Sur l'arrêté du 12 avril 2025 portant assignation à résidence :

18. En premier lieu, l'arrêté en litige a été signé le samedi 12 avril 2025 par M. G H, sous-préfet de Bernay, qui disposait d'une délégation de signature du préfet de l'Eure par arrêté n° DCAT/SJIPE-2024-92 du 18 novembre 2024, régulièrement publié au recueil des actes administratifs de la préfecture du même jour, pour signer ce type de décision pendant les permanences du corps préfectoral. Par suite, le moyen tiré de l'incompétence du signataire de l'acte attaqué manque en fait et doit être écarté.

19. En deuxième lieu, l'arrêté attaqué qui vise le 7° de l'article L. 731-1 du code de l'entrée et du séjour des étrangers et du droit d'asile, et mentionne le motif de l'assignation, fondé sur l'exécution d'une interdiction judiciaire du territoire. Il précise que l'intéressé fait l'objet d'une mesure d'éloignement exécutoire, que des démarches de reconnaissances consulaires sont en cours pour que son éloignement soit mené à bien. Dès lors, la décision en litige est suffisamment motivée en fait et en droit, quelle que soit la pertinence de la motivation retenue Le moyen soulevé en ce sens doit être écarté.

20. En troisième lieu, les moyens dirigés contre l'obligation de quitter le territoire français sans délai ont tous été écartés par le présent jugement. Dès lors, l'exception d'illégalité de cette décision soulevée à l'appui des conclusions dirigées contre l'arrêté d'assignation à résidence ne peut qu'être écartée.

21. En dernier lieu, la décision attaquée mentionne que M. B a déclaré disposer de l'adresse suivante : " Val de Reuil (27) au 17 rue Grande " et l'assigne à résidence dans la commune de Val de Reuil.
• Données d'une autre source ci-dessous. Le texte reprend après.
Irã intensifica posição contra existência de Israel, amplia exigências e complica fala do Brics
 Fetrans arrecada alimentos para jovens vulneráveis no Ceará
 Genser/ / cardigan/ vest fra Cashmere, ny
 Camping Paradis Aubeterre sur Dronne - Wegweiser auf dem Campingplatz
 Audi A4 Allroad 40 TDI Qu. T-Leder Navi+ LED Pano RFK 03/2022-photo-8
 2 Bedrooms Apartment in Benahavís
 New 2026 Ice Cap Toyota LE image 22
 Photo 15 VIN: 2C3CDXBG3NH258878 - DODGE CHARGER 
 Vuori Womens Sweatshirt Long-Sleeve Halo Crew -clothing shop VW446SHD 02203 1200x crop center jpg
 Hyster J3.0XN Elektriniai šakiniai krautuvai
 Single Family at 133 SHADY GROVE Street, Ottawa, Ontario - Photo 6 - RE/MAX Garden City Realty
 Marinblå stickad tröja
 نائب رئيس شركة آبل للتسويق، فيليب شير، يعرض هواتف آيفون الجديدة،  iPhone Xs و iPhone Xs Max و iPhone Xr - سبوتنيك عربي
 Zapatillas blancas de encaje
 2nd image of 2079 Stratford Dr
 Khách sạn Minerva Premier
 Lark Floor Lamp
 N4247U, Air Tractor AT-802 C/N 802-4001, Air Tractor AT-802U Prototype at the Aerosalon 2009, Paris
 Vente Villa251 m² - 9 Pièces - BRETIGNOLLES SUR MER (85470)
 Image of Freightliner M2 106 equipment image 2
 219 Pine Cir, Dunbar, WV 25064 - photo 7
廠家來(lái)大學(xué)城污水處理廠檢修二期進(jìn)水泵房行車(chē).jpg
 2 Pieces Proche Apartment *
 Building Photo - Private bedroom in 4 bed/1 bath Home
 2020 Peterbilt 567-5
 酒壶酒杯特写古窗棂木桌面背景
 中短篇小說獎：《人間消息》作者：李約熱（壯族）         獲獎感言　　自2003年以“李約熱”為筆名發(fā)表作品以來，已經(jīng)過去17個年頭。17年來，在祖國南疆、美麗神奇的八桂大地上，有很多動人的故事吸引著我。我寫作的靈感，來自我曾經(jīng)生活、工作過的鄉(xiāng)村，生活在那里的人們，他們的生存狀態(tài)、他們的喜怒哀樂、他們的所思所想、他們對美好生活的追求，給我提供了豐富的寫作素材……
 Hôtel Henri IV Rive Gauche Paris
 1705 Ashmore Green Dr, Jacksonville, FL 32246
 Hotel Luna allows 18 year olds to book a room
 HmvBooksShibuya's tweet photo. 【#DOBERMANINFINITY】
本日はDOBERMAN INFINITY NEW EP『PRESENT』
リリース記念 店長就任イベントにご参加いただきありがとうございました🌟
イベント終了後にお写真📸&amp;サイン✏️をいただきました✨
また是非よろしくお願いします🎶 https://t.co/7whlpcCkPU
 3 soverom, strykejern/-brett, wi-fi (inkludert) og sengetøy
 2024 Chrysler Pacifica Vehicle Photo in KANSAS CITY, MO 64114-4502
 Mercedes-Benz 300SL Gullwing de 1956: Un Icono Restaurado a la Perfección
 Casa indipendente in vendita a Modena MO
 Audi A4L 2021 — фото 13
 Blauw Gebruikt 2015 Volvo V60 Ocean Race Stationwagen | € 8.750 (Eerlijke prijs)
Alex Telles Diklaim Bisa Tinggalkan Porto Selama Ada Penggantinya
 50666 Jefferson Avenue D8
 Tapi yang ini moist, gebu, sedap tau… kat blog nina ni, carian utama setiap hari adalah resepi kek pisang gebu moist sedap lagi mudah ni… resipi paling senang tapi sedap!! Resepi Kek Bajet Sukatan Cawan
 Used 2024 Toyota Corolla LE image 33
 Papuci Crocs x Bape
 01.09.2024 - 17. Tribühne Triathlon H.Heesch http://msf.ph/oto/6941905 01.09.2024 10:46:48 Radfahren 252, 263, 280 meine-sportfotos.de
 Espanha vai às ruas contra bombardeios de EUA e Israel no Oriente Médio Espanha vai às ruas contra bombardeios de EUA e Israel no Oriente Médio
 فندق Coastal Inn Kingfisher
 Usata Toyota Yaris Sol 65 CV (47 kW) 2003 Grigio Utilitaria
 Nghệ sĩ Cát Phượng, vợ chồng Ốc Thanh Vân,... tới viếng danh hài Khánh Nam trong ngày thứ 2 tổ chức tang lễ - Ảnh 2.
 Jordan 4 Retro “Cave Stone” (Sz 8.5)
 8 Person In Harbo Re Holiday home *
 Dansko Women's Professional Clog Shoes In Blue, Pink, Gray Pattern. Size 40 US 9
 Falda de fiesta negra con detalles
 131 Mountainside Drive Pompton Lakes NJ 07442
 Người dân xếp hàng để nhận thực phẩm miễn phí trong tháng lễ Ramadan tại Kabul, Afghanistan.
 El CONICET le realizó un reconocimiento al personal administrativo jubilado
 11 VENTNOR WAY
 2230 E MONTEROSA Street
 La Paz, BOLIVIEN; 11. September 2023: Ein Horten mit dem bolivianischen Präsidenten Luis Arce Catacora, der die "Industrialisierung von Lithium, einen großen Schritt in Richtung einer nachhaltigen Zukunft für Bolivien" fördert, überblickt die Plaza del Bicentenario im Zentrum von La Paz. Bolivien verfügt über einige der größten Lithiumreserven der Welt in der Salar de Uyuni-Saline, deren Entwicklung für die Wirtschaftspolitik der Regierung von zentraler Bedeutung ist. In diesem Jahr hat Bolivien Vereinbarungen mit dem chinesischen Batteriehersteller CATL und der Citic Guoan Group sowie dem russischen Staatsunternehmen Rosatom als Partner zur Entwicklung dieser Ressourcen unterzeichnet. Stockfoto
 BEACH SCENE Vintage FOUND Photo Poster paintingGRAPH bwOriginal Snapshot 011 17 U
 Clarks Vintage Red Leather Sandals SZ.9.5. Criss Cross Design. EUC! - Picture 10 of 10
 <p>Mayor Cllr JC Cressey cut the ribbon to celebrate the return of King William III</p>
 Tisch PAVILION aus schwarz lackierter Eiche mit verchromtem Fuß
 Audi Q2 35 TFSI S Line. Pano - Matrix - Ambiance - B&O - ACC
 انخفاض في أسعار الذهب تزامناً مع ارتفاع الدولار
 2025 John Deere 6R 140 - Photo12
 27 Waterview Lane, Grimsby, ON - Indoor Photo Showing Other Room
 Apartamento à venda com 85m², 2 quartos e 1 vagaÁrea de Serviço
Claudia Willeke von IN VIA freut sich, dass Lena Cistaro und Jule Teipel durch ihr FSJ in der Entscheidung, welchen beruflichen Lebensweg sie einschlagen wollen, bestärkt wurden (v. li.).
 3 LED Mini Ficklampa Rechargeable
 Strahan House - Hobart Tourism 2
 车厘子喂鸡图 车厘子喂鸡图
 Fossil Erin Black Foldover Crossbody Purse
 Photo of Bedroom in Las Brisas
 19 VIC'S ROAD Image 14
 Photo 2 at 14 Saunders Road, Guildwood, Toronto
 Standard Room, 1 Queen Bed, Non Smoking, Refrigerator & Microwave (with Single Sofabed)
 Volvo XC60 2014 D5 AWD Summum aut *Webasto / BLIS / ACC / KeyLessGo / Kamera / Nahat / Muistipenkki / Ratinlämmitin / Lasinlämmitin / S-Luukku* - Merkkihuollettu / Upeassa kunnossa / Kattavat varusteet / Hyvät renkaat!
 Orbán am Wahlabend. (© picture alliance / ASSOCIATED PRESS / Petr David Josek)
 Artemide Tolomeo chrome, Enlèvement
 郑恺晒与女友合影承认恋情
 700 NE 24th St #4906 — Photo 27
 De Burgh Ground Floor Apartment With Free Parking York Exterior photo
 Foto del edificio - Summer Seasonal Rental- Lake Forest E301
Le requérant fait valoir qu'il aurait été assigné à résidence au domicile de son épouse, alors même qu'il lui est légalement interdit d'entrer en contact avec elle et invoque à cet égard un défaut d'examen sérieux de sa situation. Aucune pièce du dossier ne permet toutefois, en tout état de cause, de connaître l'adresse actuelle de l'épouse de M. B, de sorte que le moyen susmentionné ne peut être accueilli.

22. Il résulte de ce qui précède que l'ensemble des conclusions de M. B aux fins d'annulation doivent être rejetées, -sans qu'il soit besoin de statuer sur la fin de non recevoir opposée dans l'instance n°2501874-, de même que, par voie de conséquence, ses conclusions aux fins d'injonction et d'astreinte et celles aux fins qu'une somme soit mise à la charge de l'Etat, qui n'est pas la partie perdante, au titre des frais de justice.

D É C I D E :

Article 1er : M. A B est admis au bénéfice de l'aide juridictionnelle provisoire dans les instances n°2501874 et 2501880.

Article 2 : Le surplus des conclusions des requêtes de M. B est rejeté.

Article 3 : Le présent jugement sera notifié à M. A B, à Me Niakaté et au préfet de l'Eure.

Rendu public par mise à disposition au greffe le 5 mai 2025

La magistrate désignée,

Signé :

A. F

La greffière,

Signé :

A. TELLIER

La République mande et ordonne au préfet de l'Eure en ce qui le concerne ou à tous commissaires de justice à ce requis en ce qui concerne les voies de droit commun contre les parties privées, de pourvoir à l'exécution de la présente décision.